For dose verification, the phosphorus-32 applicator (activity of 4.14 MBq and area of 1.1×1.2 cm2) was placed tightly on radiochromic film for 0.5 hour.
For strawberry hemangiomas, the phosphorus-32 applicator (activity according to 3.7 MBq/cm2 and shape according to the lesion shape) was placed tightly on the lesion for 10 hours. The treatment and side effects were evaluated following one-time treatment within a month.
For cavernous hemangiomas, the phosphorus-32 colloid was injected into hemangiomas according to 0.37 MBq/cm2. Type-B ultrasonic examination was used to evaluate treatment effects after 1 month. If the hemangiomas shrank but did not disappear completely, another treatment was chosen. The largest number of treatments in this study was six.
Characteristics of patients and the therapeutic effect and side effect
All of the 316 strawberry hemangioma outpatients from January 2000 to January 2007 were included in the study. All of their parents were informed of the radiation therapy, including the uncertainty risk of cancer development in the future. Each voluntarily accepted the therapy. The characteristics of patients and the therapeutic effects are shown in Table 1, which were classified into the following two categories: cured and improved. The characteristics of patients and side effects are shown in Table 2. The side effects included pigmentation, pigment loss, and radiation burning. The relationship between the characteristics of hemangiomas and treatment effects was statistically analyzed. The relationship between the characteristics of hemangiomas and side effects was also statistically analyzed.
All of the 58 cavernous hemangioma outpatients from January 2000 to January 2007 were included in the study. Each of them or their parents was informed about the radiation therapy, including the uncertainty risk of cancer development in the future. All of the patients voluntarily accepted the therapy. The characteristics of the patients and the therapeutic effect are shown in Table 3. The characteristics of patients and side effects are shown in Table 4.

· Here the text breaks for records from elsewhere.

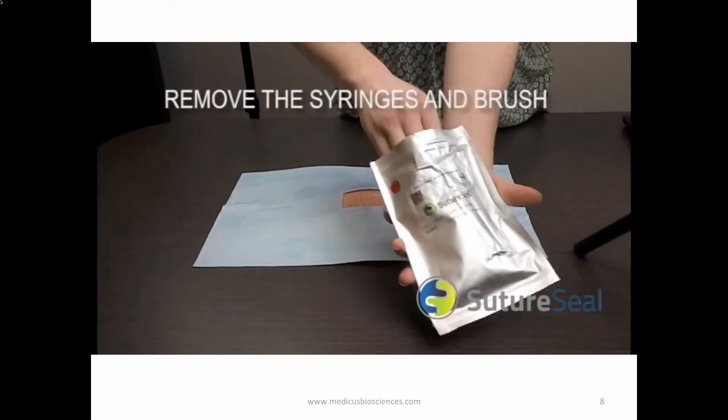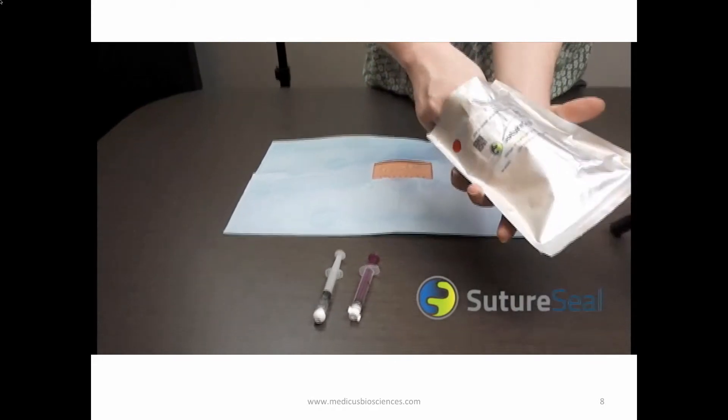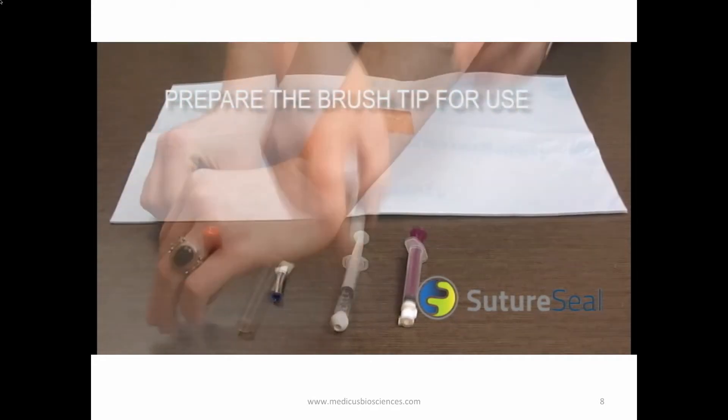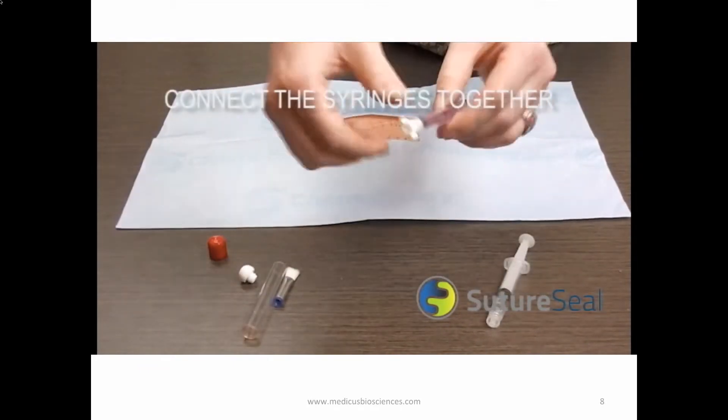Open the foil pouch and remove the two syringes and the application brush tip. Remove the sterile application brush from the brush case and have it ready for use. Remove the caps from the two syringes and connect them together.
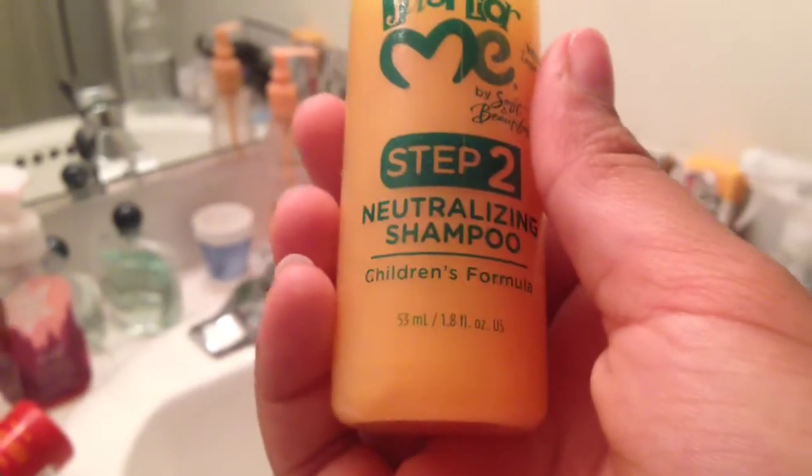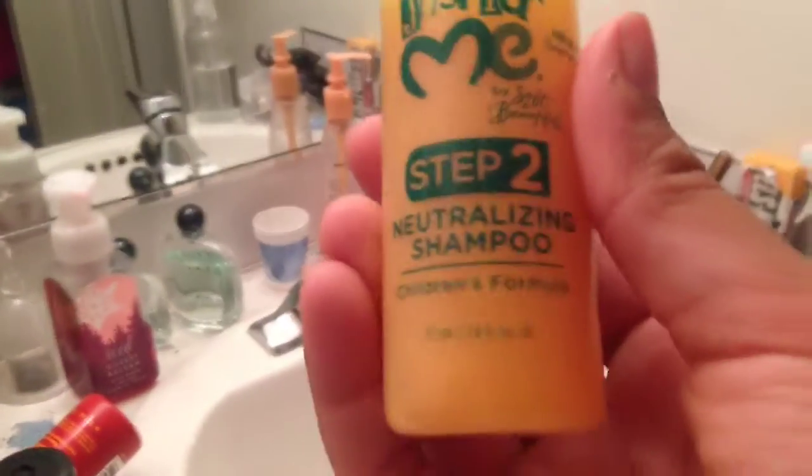Step 1B liquid activator. Are we activating my hair with slime activator? Probably not. Next we have the neutralizer — you know what that word means? If you do, children's formula.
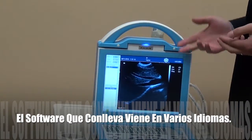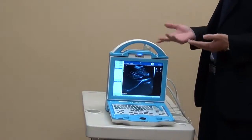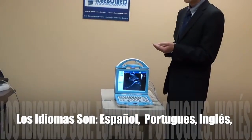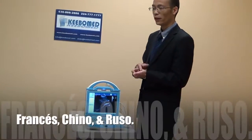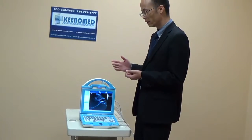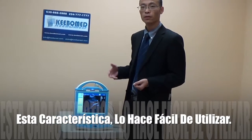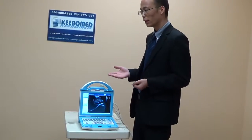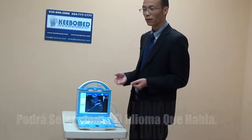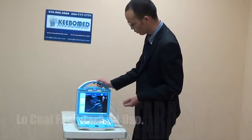The operating software of this main unit comes with multi-language support, including Spanish, Portuguese, English, French, Chinese, and Russian. It is very user-friendly, so you can select the exact language you are most familiar with.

Statistical analyses was performed using chi-square tests for differences in age, gender, hemangioma location, hemangioma size on treatment effect, and side effect (pigmentation, pigment loss, and burning). All statistical analyses were performed using SPSS software, version 13.0 (SPSS, Inc.). Statistical significance was defined as p<0.05.
Results
The radiochromic films verification of phosphorus-32 external irradiation
The 4.14 MBq phosphorus-32 applicator of the 1.1×1.2 cm2 area irradiated a stack of 20 stack of radiochromic films for 0.5 hours. The absorbed dose of every film was measured using dose analysis software (PROCHECK). The absorbed dose of the No. 1 film, the nearest film to the radiation applicator that reflects the surface absorbed dose of applicator, was 2.65 Gy. The absorbed dose rate of the No. 1 film was 0.969 Gy/hour/MBq/cm2 according to the area and time. After the radiation was counted in each film of sheets, the absorbed dose rate was determined as shown in Table 5. The dose rate decreased with depth from the surface (Table 5).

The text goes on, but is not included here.